As I pointed out on the show, I believe the education bill was problematic for many reasons. It seemed to be written in a deliberately vague manner in an attempt to deflect criticism while sowing fear from educators confused about how to comply with its provisions. The vagueness was the point.

Disney understandably had problems with this legislation (especially since so many of their employees send their kids to Florida schools), but their CEO was comically inept in the way he handled it – initially avoiding speaking out before taking on the issue with gusto. At the same time, DeSantis is extremely popular with Florida voters — an electorate that seems more supportive of his education bill than conventional wisdom suggests. His confidence (hubris?) is what led him down the path to punish one of the largest employers in his state.

As we pointed out on Tuesday’s show, DeSantis’ latest move to strip Disney of its special status is littered with landmines. For one, it may violate the First Amendment. The move may also shoulder Florida’s taxpayers with the enormous tab for the government services that Disney had been paying for and running under their self-governing status, but that will now be the responsibility of the surrounding county.

On Wednesday, we were greeted with another wrinkle in this story. According to reporting in the Miami Herald, an obscure provision of Florida law says the state cannot move forward with plans to strip Disney of their special status unless they pay off the district’s bond debt, estimated to be upward of $1 billion. This raises many questions: Will the state or surrounding county be okay with taking on that debt? Or will DeSantis and the legislature just change the law so they no longer inherit the debt? Would that even be legal? 

In short: this story isn’t going anywhere.

5. Big Tech Finances 

It’s earnings week for many big tech companies, and The Economist took the opportunity to dive into the finances of these corporations using brokers’ reports, hedge-fund analyses and antitrust court cases.  

Here are some of the most revealing tidbits:

  • The article generally paints a picture of companies heavily dependent on a few big profit generators.

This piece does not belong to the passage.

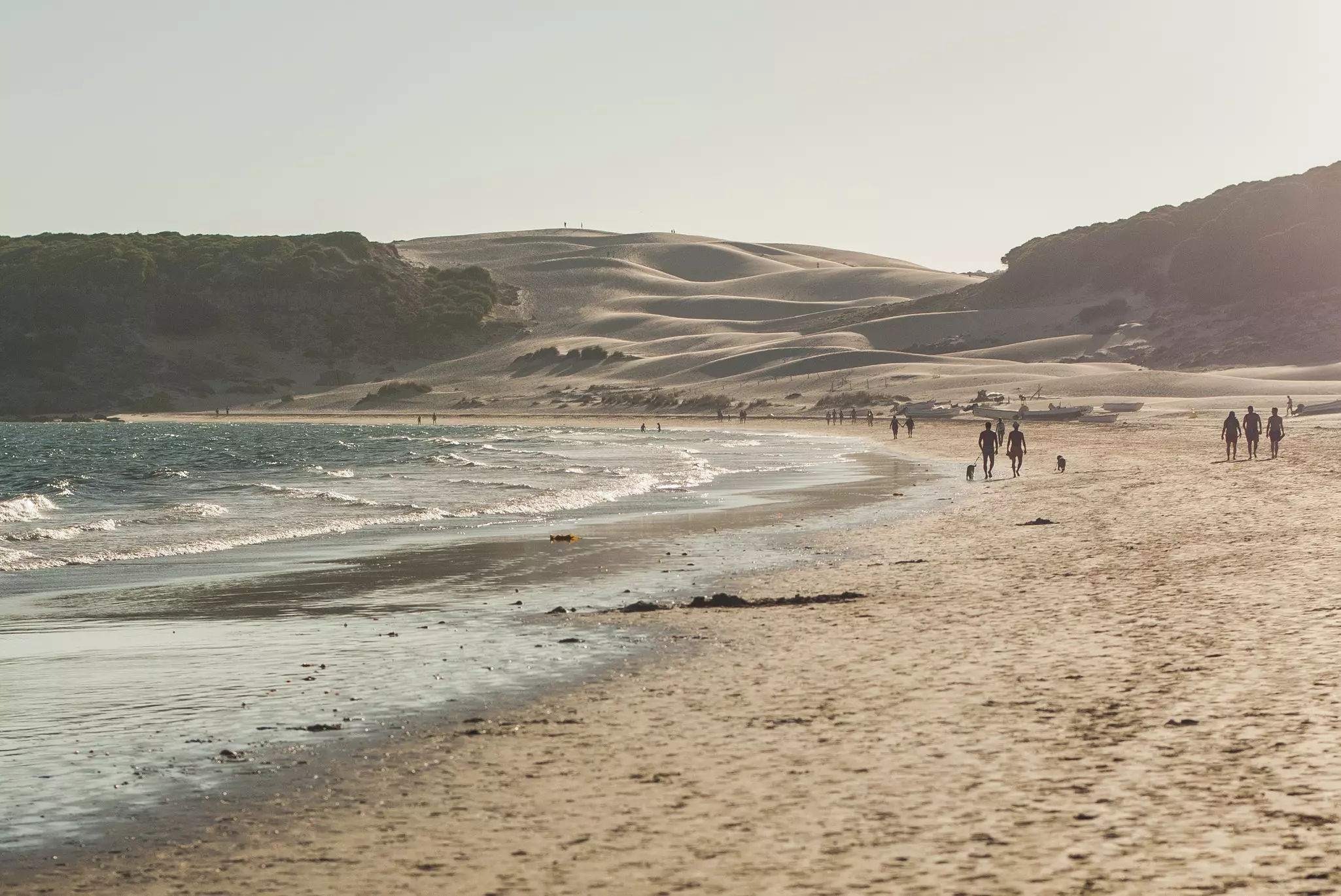 People walk along a golden sand beach backed by sand dunes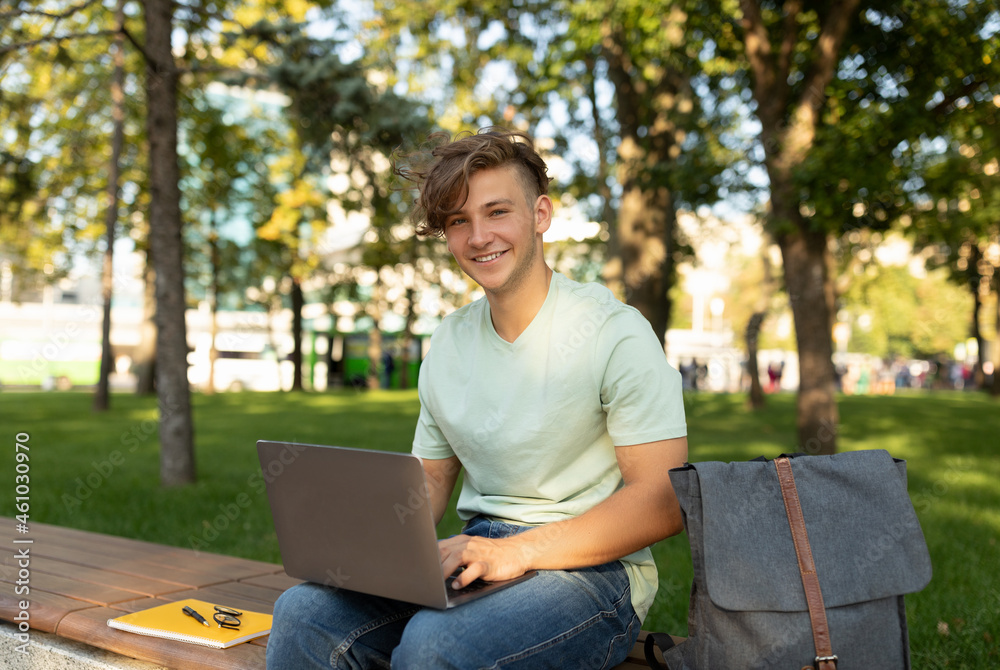 E-learning. Excited male student with laptop attending online lecture, sitting on bench in park outdoors E-learning. Excited male student with laptop attending online lecture, sitting on bench in park outdoors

Meta appears to be the least diversified, almost wholly dependent on a single source of profit: online advertising, which makes up a whopping 97% of its revenues. 
  • App Store profits are absurd. Apple’s app store has been estimated at 78% operating margin and 62% for Google. Compare to 35% operating margin for Apple’s overall business and 31% for Alphabet’s (Google’s parent company). 
  • Games account for 70% of Apple’s app store profits, underscoring the stakes of the Epic Games case. 
  • Instagram accounted for $42bn of Meta’s revenues last year, nearly two-fifths of the total and up from a reported $20bn, or a quarter of the total, in 2019. 
  • Customer churn is real. 20% of iPhone users switched to another smartphone in 2019 and 2020. And teenagers are leaving Facebook in droves, now spending more than twice as much time on TikTok.

The whole article is well worth a read. It paints a picture of companies that enjoy jaw-dropping profits but who are also vulnerable in ways I hadn’t realized.